Recent Advances in Rechargeable Metal-CO 2 Batteries with Nonaqueous Electrolytes.

This review article discusses the recent advances in rechargeable metal-CO 2 batteries (MCBs), which include the Li, Na, K, Mg, and Al-based rechargeable CO 2 batteries, mainly with nonaqueous electrolytes. MCBs capture CO 2 during discharge by the CO 2 reduction reaction and release it during charging by the CO 2 evolution reaction. MCBs are recognized as one of the most sophisticated artificial modes for CO 2 fixation by electrical energy generation. However, extensive research and substantial developments are required before MCBs appear as reliable, sustainable, and safe energy storage systems. The rechargeable MCBs suffer from the hindrances like huge charging-discharging overpotential and poor cyclability due to the incomplete decomposition and piling of the insulating and chemically stable compounds, mainly carbonates. Efficient cathode catalysts and a suitable architectural design of the cathode catalysts are essential to address this issue.

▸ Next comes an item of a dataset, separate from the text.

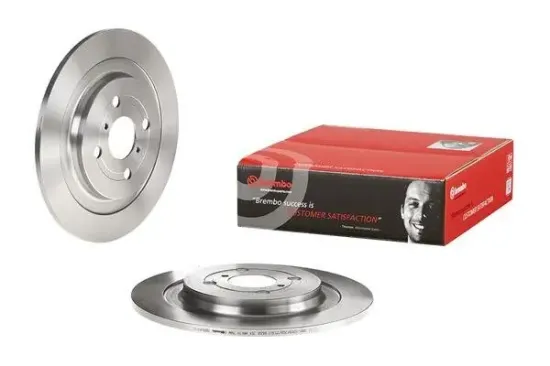 Bremsscheibe Hinterachse BREMBO 08.B044.10 Bild Bremsscheibe Hinterachse BREMBO 08.B044.10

Besides, electrolytes also play a vital role in safety, ionic transportation, stable solid-electrolyte interphase formation, gas dissolution, leakage, corrosion, operational voltage window, etc. The highly electrochemically active metals like Li, Na, and K anodes severely suffer from parasitic reactions and dendrite formation. Recent research works on the aforementioned secondary MCBs have been categorically reviewed here, portraying the latest findings on the key aspects governing secondary MCB performances.